Helium-4 is very stable; if you can reach this element, it’s extraordinarily difficult to blast apart. (It’s much more stable than deuterium.) By the time the Universe is 3 minutes and 45 seconds old, practically all of the neutrons have been used to form helium-4. In fact, if you were now to measure the various elements by mass, what you’d find is that the atomic nuclei are about:

• 75.2% hydrogen (protons),
• 24.8% helium-4 (2 protons and 2 neutrons),
• 0.01% deuterium (1 proton and 1 neutron),
• 0.003% tritium and helium-3 combined (tritium is unstable and will decay to helium-3, with 2 protons and 1 neutron, on timescales of decades), and
• 0.00000006% lithium-7 and beryllium-7 combined (where beryllium-7 is unstable and will decay into lithium-7 on timescales of several months).

This plot shows the abundance of the light elements over time, as the Universe expands and cools during the various phases of Big Bang Nucleosynthesis. The ratios of hydrogen, deuterium, helium-3, helium-4, and lithium-7 all arise from these processes.

But that, unfortunately, is the end of the line for nuclear fusion occurring during the hot Big Bang. The big problem is that by this time, the Universe has expanded and cooled enough that its density is tiny: only one-billionth the density found in the Sun’s core.
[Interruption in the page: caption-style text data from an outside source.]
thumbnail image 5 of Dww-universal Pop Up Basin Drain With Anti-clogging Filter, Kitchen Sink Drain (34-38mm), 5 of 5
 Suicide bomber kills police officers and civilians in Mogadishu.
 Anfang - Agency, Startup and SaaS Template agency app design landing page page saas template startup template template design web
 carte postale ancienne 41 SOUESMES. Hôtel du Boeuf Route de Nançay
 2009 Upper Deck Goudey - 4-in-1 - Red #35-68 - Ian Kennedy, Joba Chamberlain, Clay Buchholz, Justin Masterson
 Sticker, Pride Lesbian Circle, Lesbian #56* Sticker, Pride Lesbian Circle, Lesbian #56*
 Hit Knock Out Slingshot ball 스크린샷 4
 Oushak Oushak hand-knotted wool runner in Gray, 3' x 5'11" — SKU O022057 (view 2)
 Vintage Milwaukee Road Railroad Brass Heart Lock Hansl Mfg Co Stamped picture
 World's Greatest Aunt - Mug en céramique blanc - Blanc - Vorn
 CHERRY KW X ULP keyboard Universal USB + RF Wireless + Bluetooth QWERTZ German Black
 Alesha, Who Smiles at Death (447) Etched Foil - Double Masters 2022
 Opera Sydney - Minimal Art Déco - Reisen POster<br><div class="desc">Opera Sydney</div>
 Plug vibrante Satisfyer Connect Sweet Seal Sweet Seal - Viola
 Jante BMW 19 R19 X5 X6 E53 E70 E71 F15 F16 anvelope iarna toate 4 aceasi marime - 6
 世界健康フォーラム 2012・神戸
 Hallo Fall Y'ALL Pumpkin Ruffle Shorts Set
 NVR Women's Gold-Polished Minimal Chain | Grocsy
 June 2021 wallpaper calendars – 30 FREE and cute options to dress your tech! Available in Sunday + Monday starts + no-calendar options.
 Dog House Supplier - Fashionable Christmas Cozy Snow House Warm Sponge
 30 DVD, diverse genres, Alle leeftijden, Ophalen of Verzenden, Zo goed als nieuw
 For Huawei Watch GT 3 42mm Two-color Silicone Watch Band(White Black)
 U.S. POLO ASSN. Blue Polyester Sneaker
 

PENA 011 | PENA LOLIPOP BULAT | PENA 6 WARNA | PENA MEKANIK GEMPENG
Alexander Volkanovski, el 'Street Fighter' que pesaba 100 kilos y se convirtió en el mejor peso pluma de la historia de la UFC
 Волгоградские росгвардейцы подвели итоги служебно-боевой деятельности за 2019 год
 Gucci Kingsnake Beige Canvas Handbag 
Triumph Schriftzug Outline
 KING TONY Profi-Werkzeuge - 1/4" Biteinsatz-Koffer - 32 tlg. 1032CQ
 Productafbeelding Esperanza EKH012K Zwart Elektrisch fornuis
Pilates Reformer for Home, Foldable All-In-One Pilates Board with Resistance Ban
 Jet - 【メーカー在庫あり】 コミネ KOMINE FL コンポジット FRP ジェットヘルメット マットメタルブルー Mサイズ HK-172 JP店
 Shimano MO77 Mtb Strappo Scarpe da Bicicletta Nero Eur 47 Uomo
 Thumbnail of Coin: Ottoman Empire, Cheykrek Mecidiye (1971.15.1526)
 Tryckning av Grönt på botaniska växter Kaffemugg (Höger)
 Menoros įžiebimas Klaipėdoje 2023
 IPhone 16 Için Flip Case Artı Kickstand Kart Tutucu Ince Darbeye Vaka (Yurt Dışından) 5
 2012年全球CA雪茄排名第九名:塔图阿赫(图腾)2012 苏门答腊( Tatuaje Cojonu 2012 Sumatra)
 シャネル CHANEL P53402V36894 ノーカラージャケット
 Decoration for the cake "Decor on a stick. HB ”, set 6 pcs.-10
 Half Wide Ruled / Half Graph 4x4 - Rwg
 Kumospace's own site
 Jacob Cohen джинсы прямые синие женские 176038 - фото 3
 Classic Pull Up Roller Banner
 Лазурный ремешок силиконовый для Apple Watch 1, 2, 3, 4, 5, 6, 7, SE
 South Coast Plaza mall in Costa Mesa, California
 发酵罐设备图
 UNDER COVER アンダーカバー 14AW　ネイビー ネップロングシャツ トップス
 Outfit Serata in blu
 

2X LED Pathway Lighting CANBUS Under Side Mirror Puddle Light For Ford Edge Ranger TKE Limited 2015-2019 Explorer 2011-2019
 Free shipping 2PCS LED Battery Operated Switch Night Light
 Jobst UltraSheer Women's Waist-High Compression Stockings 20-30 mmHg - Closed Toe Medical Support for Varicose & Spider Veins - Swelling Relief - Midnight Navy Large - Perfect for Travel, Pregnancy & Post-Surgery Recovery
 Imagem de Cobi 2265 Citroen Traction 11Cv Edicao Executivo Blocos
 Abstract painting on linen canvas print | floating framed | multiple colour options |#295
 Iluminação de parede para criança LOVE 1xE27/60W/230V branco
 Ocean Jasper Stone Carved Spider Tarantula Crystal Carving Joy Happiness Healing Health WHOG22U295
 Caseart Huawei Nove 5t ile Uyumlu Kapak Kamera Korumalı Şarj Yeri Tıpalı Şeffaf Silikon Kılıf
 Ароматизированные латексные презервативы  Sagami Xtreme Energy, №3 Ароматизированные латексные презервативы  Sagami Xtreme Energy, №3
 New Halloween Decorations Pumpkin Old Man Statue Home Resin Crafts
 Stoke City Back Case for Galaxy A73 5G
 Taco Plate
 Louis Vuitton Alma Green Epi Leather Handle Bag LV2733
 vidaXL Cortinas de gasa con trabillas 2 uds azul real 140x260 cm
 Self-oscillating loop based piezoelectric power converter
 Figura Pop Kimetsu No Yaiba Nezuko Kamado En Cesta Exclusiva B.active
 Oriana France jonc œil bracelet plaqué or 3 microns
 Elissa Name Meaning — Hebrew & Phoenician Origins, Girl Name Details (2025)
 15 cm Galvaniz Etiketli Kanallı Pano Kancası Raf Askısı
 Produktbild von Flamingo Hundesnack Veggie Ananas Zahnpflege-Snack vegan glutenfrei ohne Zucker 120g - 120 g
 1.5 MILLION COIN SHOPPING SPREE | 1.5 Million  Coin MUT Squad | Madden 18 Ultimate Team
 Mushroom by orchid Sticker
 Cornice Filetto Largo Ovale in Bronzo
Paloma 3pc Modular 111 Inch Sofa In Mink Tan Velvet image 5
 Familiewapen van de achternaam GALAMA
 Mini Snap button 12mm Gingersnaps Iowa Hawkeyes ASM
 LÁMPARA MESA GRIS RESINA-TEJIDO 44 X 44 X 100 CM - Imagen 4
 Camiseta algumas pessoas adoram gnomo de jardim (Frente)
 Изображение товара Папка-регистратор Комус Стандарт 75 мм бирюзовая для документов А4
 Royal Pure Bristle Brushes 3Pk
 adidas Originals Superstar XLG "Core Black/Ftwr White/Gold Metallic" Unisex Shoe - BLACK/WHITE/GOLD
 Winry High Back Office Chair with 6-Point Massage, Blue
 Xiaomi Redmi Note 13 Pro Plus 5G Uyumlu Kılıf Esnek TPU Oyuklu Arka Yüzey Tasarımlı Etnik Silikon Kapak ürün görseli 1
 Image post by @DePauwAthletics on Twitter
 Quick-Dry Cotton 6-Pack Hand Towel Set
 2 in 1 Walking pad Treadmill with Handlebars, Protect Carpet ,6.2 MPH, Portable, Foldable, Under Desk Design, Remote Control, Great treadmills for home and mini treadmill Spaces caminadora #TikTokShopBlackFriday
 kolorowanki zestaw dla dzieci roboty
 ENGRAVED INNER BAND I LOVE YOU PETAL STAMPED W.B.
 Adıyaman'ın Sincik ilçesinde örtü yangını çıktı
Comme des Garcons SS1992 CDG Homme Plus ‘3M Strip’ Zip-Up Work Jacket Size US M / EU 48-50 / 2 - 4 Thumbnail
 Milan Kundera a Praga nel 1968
Nuclear fusion cannot occur any longer, as there are no ways to stable fuse either:

• a proton with helium-4 into lithium-5,
• or two helium-4 nuclei into beryllium-8.

These elements, Li-5 and Be-8, do exist, but both are highly unstable, and decay away after a tiny fraction of a second: less than a femtosecond, which isn’t enough time for another particle to get in and build up to even heavier, more stable elements. As a result, that’s all we get that’s forged in the furnace of the hot Big Bang: hydrogen and its stable isotopes, helium and its stable isotopes, and a teeny, tiny bit of lithium.

The predicted abundances of helium-4, deuterium, helium-3 and lithium-7 as predicted by Big Bang Nucleosynthesis, with observations shown in the red circles. The Universe is 75-76% hydrogen, 24-25% helium, a little bit of deuterium and helium-3, and a trace amount of lithium. The first stars in the Universe will be made of this combination of elements; nothing more.

The Universe does form elements immediately after the Big Bang, but almost all of what it forms is either hydrogen or helium. There’s a tiny, tiny amount of lithium left over from the Big Bang, but it’s only around 1-part-in-a-billion by mass. Once the Universe cools down enough that electrons can bind to these nuclei, we’ll have our first elements: the ingredients that the very first generations of stars will be made out of.

But they won’t be made out of the elements we think of as essential to existence, including carbon, nitrogen, oxygen, silicon, phosphorus and more. Instead, it’s just hydrogen and helium, to the 99.9999999% level. It took less than four minutes to go from the start of the hot Big Bang to the first stable atomic nuclei, all amidst a bath of hot, dense, expanding-and-cooling radiation. The cosmic story that would lead to us has, in truth, finally begun.